Contentment
September 23rd, 2008Saturday was the perfect fall day in Northwestern Minnesota.Following the meandering Wild Rice River from Mahnomen, through the little hamlet of Faith, on to Twin Valley - then veering south past the underground church in Syre, into Ulen, and finally the back roads into Hawley was at times like being transported into the middle of the stereotypical New England fall with country church spires reaching up through the verdant leaves of early autumn as the still green mixed with the reds, yellows and brown of autumn.
My timing isn’t usually this good.
It seems ages since I’ve seen this transition occur. Some years my timing is just off and I’m unable to make it back into the home country for the turning of the colors. Some years, a hard frost followed by a good stiff wind that the plains are famous for make the transition from summer to fall to winter all to brief.
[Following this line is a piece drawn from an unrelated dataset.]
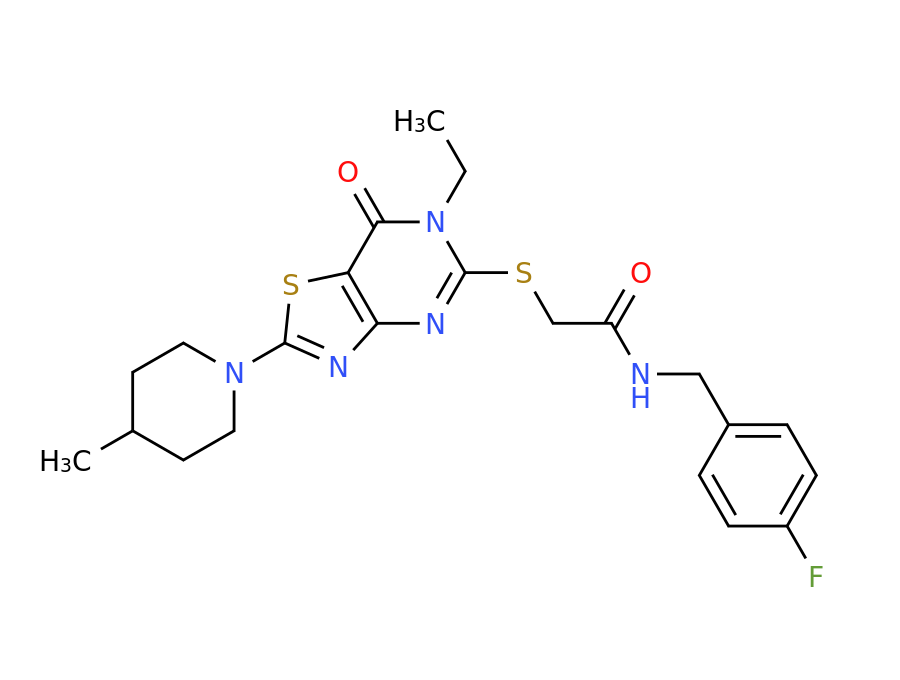 Structure Amb20471642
But this year was different. The colors were just about perfect, not quite their peak, but close enough.
As I drove through the country side taking in what could be the last warm days of the fall, looking at the ripening corn and soybeans still sitting in the field and the wheat stubble in various stages of tillage and regrowth, I reminded myself just how lucky I am.
My health is good and getting better. My family is all doing well and I would be lucky enough to see the vast majority of them over the course of the short weekend. Life, while extremely crazy with work and extracurricular activities were keeping me running sixteen hours a day, was fast, fun, but very rewarding. I was off to see my eldest brother and his family for a short visit then to spend the evening with some very good friends, watching football, rehashing old memories, and finally watching another of my very good friends perform an acoustic musical show.
Sometimes, it is easy to lose perspective on life. We get bogged down in the big things - economic collapse, frustrating jobs, people we have lost, the bills that need to be paid. Or sometimes even the little things - the presentation at work, the gossip from the coffee shop, the slight from the friend.
Spending time with my brothers and my dad, teasing my nieces and nephews, talking with my friends from college - those are the things to hold on too, those are the things to remember, those are the things to remember and lift us onward and upwards. Those are the things that matter.